From the performance tables (Table 1, Table 2, Table 3) it can be seen that the Nearest Neighbour algorithm has bias towards classifying images as Non- Flat, based on the notable difference between the True Positive and True Negative Accuracy, with an average of 0.8 and 0.88 respectively.
From the prior tables it can be seen that the Nearest Neighbour algorithm has bias towards classifying images as Non-Flat, based on the notable difference between the True Positive and True Negative Accuracy, with an average of 0.8 and 0.88 respectively.
SVM has a bias towards classifying images as flat, which is noted by its higher True Positive score in comparison to its True Negative score.

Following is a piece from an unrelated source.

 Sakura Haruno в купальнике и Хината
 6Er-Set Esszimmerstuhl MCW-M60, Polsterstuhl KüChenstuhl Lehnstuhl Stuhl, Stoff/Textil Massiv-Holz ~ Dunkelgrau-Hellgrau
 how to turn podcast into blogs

SVM has a relatively high separability, but a concern does arise as it has a high sensitivity to cross validation as its scores fluctuate considerably.
SVM, in comparison to the Neural Network, has a higher accuracy, as well as a higher separability.
Logistic Regression is stable. However, in comparison to SVM and Neural Network, it has a lower accuracy and separability.
It must be noted that as per the implementation details outlined in the patent documentation, the focal length range extracted for Android and iOS are different. For iOS devices, the focal lengths are inherently normalised between 0 and 1, as opposed to Android devices where the focal length are measured in Dioptres. Hence for this reason, two models were trained and deployed to cater for both platforms. Furthermore, no pre-processing was performed.
The following is a list of potential issues that may arise in the classification process:
Scenes that have naturally occurring flat surfaces, may be classified as an illegitimate image – resulting in false positives.
The dataset that was used to train the models for the Android Implementation lacked or had no extreme values such as ∞, this is a major concern as the ML model would become unstable for scenes that hold these values.
Extremely far scenes from the camera, are likely to capture focal lengths of ∞ which may result in a misclassification.
Dark scenes are also likely to capture focal lengths of ∞ which may result in a misclassification as well.
In conclusion, we have shown that it is possible to identify when an image contains a flat surface using focal lengths. Furthermore, we have developed a novel solution that integrates SVM with focal length data to classify an image accordingly.